You're toldYou can inferWhy
Most A are B; Most A are CSome B are CTwo majorities of A must overlap
All A are B; Most A are CSome B are CThe C-majority of A are also B
All A are B; All B are CAll A are CStandard conditional chain
Most A are B; All B are CMost A are CThe A's that are B are all C

The first three are the workhorses. The last one is worth memorizing because it preserves "most": when an "all" statement carries the B's all the way to C, the original majority of A rides along.

The combinations that look valid but aren't

"Most A are B" plus "Most B are C" does NOT give you "Most A are C," and it does not even give you "Some A are C." The two majorities are taken from different groups — one slice of A, one slice of B — and they need not overlap in the right place. This is the single most common trap.

Concretely: most dogs are friendly; most friendly things are small. It does not follow that any dog is small. The "friendly" dogs and the "small friendly things" can be entirely different friendly things. The shared term sits in the wrong position to force a link.

"Most" also does not chain like a conditional. You cannot string "most ... most ... most" the way you string "if ... then." Each "most" is anchored to its own subject, and the moment the common term shifts roles, the inference dies.

Two quirks: reversibility and strength

"Some" is reversible: "some A are B" means exactly the same as "some B are A." So once you derive "some B are C," you also have "some C are B" for free — useful when the answer choice flips the order.

"Most" is not reversible. "Most A are B" tells you nothing about what share of B are A. Most senators are lawyers, but hardly any lawyers are senators. Treating "most" as a two-way street is a reliable way to pick a wrong answer.

Keep the strength straight, too.
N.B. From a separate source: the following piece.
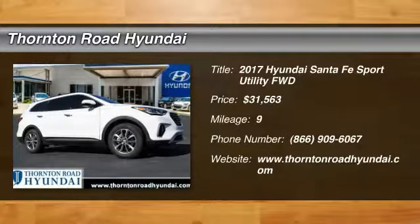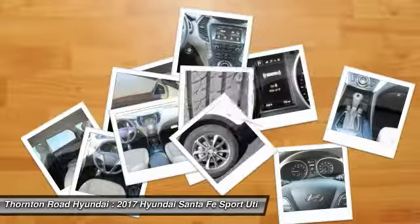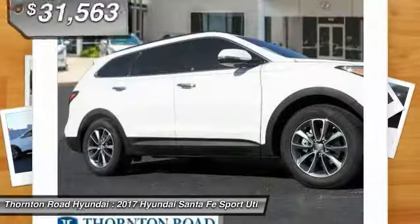Take a ride in a 2017 Santa Fe. Style, quality, performance, value — need we say more?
Overlap inferences yield "some," not "most." The only way to keep "most" through a combination is to ride an "all" statement, as in the fourth row of the table above.

Worked example

Stimulus: "Most of the museum's Renaissance holdings are on loan. Most of the museum's Renaissance holdings have been restored in the last decade."

Both statements are majorities of the same group — the Renaissance holdings. So the overlap rule fires: some on-loan Renaissance pieces have been restored in the last decade. That is a valid Must Be True answer.

What is not supported: "Most restored pieces are on loan" (over-claims strength and reverses "most"), or "All on-loan pieces were restored" (over-claims to "all"). The only safe inference is the modest "some," stated in either order.

The common mistake

The biggest mistake is chaining "most" statements through a shared term that has changed position — "most A are B, most B are C, therefore something about A and C." Unless one link is an "all," nothing about A and C follows.

The second mistake is reversing "most." "Most A are B" never becomes "most B are A." Only "some" and "all" relationships support the reversals you might be tempted to make, and even "all" only reverses to "some."

The third is upgrading the conclusion from "some" to "most" or "all." Overlap guarantees a single shared member; demand no more than that from it.

Frequently asked questions

Can you chain "most" statements like conditionals?

No. "Most A are B" plus "Most B are C" supports nothing about A and C. "Most" only combines safely when the two statements share the same subject (most A ... most A ...), or when an "all" statement carries the term through. Conditional-style chaining is for "all" statements.

Does "most" reverse?

No. "Most A are B" tells you nothing about how many B are A. Most senators are lawyers, but very few lawyers are senators. Only "some" reverses freely ("some A are B" = "some B are A").

What exactly does "most A are B" plus "most A are C" give you?

It guarantees "some B are C" (equivalently, "some C are B"). Both majorities are carved from the same A, so they must overlap by at least one member. You get "some," never "most" or "all."

Is "some" reversible?

Yes. "Some A are B" and "some B are A" are identical claims — at least one thing is both. That lets you match an answer choice that states the overlap in the opposite order.